# [Exercise goal]
Each entry must be output once more without any change.

# [Data shown]
★ ★ ★ ★

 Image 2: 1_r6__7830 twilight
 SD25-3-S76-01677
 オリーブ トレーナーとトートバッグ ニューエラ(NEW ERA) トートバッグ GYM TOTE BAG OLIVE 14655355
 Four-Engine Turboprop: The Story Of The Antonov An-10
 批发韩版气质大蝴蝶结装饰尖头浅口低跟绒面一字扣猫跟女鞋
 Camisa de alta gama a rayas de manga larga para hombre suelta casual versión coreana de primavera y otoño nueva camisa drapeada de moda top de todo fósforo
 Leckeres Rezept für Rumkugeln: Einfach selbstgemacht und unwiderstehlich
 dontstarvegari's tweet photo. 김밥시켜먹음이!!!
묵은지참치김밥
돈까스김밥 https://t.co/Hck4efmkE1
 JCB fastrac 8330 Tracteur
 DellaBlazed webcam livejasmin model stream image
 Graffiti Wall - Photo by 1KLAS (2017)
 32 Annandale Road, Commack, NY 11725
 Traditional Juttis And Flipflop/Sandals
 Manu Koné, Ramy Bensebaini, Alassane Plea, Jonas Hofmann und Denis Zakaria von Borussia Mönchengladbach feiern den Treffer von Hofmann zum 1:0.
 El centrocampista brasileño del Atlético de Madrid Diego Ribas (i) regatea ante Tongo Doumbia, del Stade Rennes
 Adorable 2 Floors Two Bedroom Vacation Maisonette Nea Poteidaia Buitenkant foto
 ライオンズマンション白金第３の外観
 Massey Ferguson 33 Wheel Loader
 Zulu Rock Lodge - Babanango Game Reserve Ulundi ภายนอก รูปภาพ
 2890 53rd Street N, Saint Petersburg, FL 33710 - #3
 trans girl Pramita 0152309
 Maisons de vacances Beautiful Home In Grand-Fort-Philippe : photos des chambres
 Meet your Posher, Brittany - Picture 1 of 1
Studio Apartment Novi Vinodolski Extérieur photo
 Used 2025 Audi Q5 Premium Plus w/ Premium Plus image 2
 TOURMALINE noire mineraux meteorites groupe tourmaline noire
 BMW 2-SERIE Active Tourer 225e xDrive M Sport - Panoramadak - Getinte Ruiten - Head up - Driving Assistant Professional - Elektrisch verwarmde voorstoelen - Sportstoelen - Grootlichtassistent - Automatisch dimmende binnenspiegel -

★ ★ ★ ★

# [Reply]
 Image 2: 1_r6__7830 twilight
 SD25-3-S76-01677
 オリーブ トレーナーとトートバッグ ニューエラ(NEW ERA) トートバッグ GYM TOTE BAG OLIVE 14655355
 Four-Engine Turboprop: The Story Of The Antonov An-10
 批发韩版气质大蝴蝶结装饰尖头浅口低跟绒面一字扣猫跟女鞋
 Camisa de alta gama a rayas de manga larga para hombre suelta casual versión coreana de primavera y otoño nueva camisa drapeada de moda top de todo fósforo
 Leckeres Rezept für Rumkugeln: Einfach selbstgemacht und unwiderstehlich
 dontstarvegari's tweet photo. 김밥시켜먹음이!!!
묵은지참치김밥
돈까스김밥 https://t.co/Hck4efmkE1
 JCB fastrac 8330 Tracteur
 DellaBlazed webcam livejasmin model stream image
 Graffiti Wall - Photo by 1KLAS (2017)
 32 Annandale Road, Commack, NY 11725
 Traditional Juttis And Flipflop/Sandals
 Manu Koné, Ramy Bensebaini, Alassane Plea, Jonas Hofmann und Denis Zakaria von Borussia Mönchengladbach feiern den Treffer von Hofmann zum 1:0.
 El centrocampista brasileño del Atlético de Madrid Diego Ribas (i) regatea ante Tongo Doumbia, del Stade Rennes
 Adorable 2 Floors Two Bedroom Vacation Maisonette Nea Poteidaia Buitenkant foto
 ライオンズマンション白金第３の外観
 Massey Ferguson 33 Wheel Loader
 Zulu Rock Lodge - Babanango Game Reserve Ulundi ภายนอก รูปภาพ
 2890 53rd Street N, Saint Petersburg, FL 33710 - #3
 trans girl Pramita 0152309
 Maisons de vacances Beautiful Home In Grand-Fort-Philippe : photos des chambres
 Meet your Posher, Brittany - Picture 1 of 1
Studio Apartment Novi Vinodolski Extérieur photo
 Used 2025 Audi Q5 Premium Plus w/ Premium Plus image 2
 TOURMALINE noire mineraux meteorites groupe tourmaline noire
 BMW 2-SERIE Active Tourer 225e xDrive M Sport - Panoramadak - Getinte Ruiten - Head up - Driving Assistant Professional - Elektrisch verwarmde voorstoelen - Sportstoelen - Grootlichtassistent - Automatisch dimmende binnenspiegel -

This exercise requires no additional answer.